Of course, Black is no newcomer to the franchise, having played the first to meet a grisly end in John McTiernan’s 1987 original. It makes sense, then, that it should be he who takes things back to where they began. Literally, the film opens with a predator crash-landing into the jungle. It’s a muddled opening, lacking empathy, clarity and development, but cuts effectively to the chase. The first disembowellment occurs within just five minutes of the runtime. There’s no room for Rambo-esque build up in Black’s script, co-written with his three-time collaborator Fred Dekker.

Army sniper Quinn McKenna (Boyd Holbrook) and his team are in the middle of a complex hostage retrieval operation when the spaceship-wrecked Predator steals his scene. Amid the confusion and massacre, McKenna stumbles across the ship’s armoury, manages to incapacitate the alien assassin and has the best of its weapons shipped to his home, ex-wife Emily (Yvonne Strahovski) and autistic son Rory (Wonderboy Jacob Tremblay).

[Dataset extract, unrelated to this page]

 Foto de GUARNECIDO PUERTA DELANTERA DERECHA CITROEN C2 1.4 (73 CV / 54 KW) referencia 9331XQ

Meanwhile, Sterling K. Brown plays unintentionally boring government agent Will Treager. He’s head honcho of the so-called ‘Stargazer Project’ – a morally dodgy operation, monitoring the frequency of Predators arriving on Earth – and is quick to seize and sedate the latest arrival. That, and bring in Dr. Casey Bracket (a pleasingly spikey Olivia Munn), who ‘basically wrote the book on evolutionary biology’. In the film’s least surprising twist, the Predator escapes and all hell breaks loose…again.

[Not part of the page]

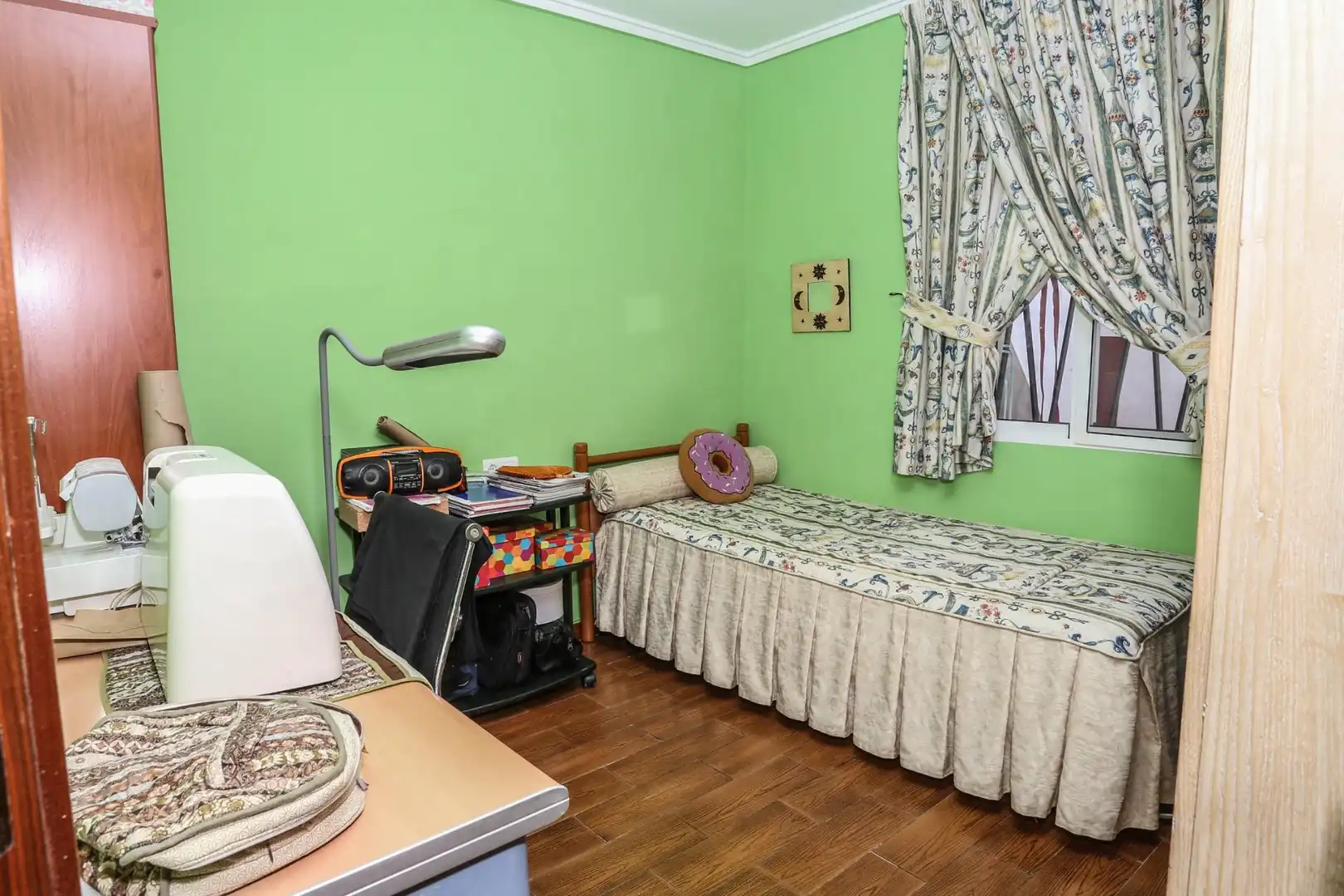 Dormitori de Casa o xalet en venda en Elda amb Aire condicionat, Calefacció i Jardí privat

The Predator being no tamed for teens blockbuster, the violence is pretty severe. But that’s not to say that this isn’t essentially teenage material. All but two characters in the film are men – of the women, one is a stay at home mum – and a strain of deeply juvenile humour consistently rears its head throughout. One such ‘hilarious’ joke comes in the moment one character tells another not to use the word ‘retard’ because, as he puts it, Quinn’s ‘son is retarded’. He’s referring here to Rory, whose autism is later termed: ‘the next step in the evolutionary chain’. If it wasn’t clear enough already that the film lacks sensitivity, Black hammers it home by having Quinn go on to murder a man – whilst in front of his son – with a tranquilliser dart to the eye.

Then again, The Predator serves predominantly as an eighties pastiche and those were simpler cinematic times. If the retrogressive politics disappoint, the film’s cultural callbacks are winningly nostalgic. Beyond wry recounts to the first Predator – ‘Get to the choppas!’ – there are checkbox nods for Blade Runner, Ghostbusters, The Goonies and any number of Hughes and Spielberg films.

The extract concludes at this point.